Saturday, August 23

A full schedule is merely a distraction...

Today I found myself feeling aimless in many ways. And sad. And while I feel like there are no tears left to cry, then the floodgates open, and the tears run. I have seen a counsellor, and I thank God that there are gifted, trained women (and men I am sure...) out there, who can help me through the tough stuff in life. "Even when my heart is torn.... even when I feel deserted....when I feel like hope is gone...yet I will praise you Lord." I have gone through the most intense weeks of my life, these past four weeks. And, there are times when I feel distracted with the fullness of a work schedule that just does not let up.... in fact, in the middle of this whole in my heart - (the whole that is left by the million shattered pieces of my heart...) In the middle of it all, "the show must go on" .... there is work to be done, there are ministries to be run... just because my life is feeling like it is suspended in time - I realize that everything around me, everyone around me... LIFE IN GENERAL... carries on. The schedule that I have tried to bring "balance" to (if there is such a thing) has only seemingly gotten more heavy with each passing week. And somehow, in the midst of it, regardless of our shattered hearts - deadlines must be met! And as I sit here today - I realize that this full schedule which has often had me quite down and discouraged, is really just a distraction. Because while I am at my workplace, it often seems like my life/emotions/thoughts/tears get pushed a little farther back, and I operate on rote.... but when God brings a friend into my work space, or an email from someone, or a phonecall - I am zipped back into the painful reality of having lost our little Jay -

I guess sometimes distraction is okay. But, it just means that when I am alone, it all comes tumbling onto me again...
My summer was marked by specific markers - first my 50th birthday - then Jay's birthday and then two months later, Ash and Mike's wedding. We are also planning the wedding, and yet, it still feels like we are waiting for Jay. How does that work?

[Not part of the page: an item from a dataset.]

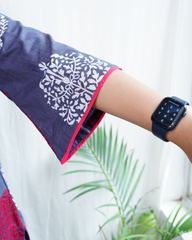 Grey circle handblock kurti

Today as I sat and visited with the other grandma, I realized that this whole walk through the deep dark valley, is a walk that we will journey for a long time... it is just not something you "get better from " or "get over" contrary to what some people believe. I am not even sure if time heals wounds... I think it just looks different over time...
Today as I went about my day, I found that I was feeling more and more sad. I talked alot about my grandson Jay today. I even told strangers about him. And I realize that I am a very proud Granny.

God thank you for giving me those months of being able to feel Jay kick... and watching the movement, and those times of praying for him, hoping and dreaming about him, and making his rag quilt .... Those were not distractions, those were very real.
Of God, thank you , thank you, thank you!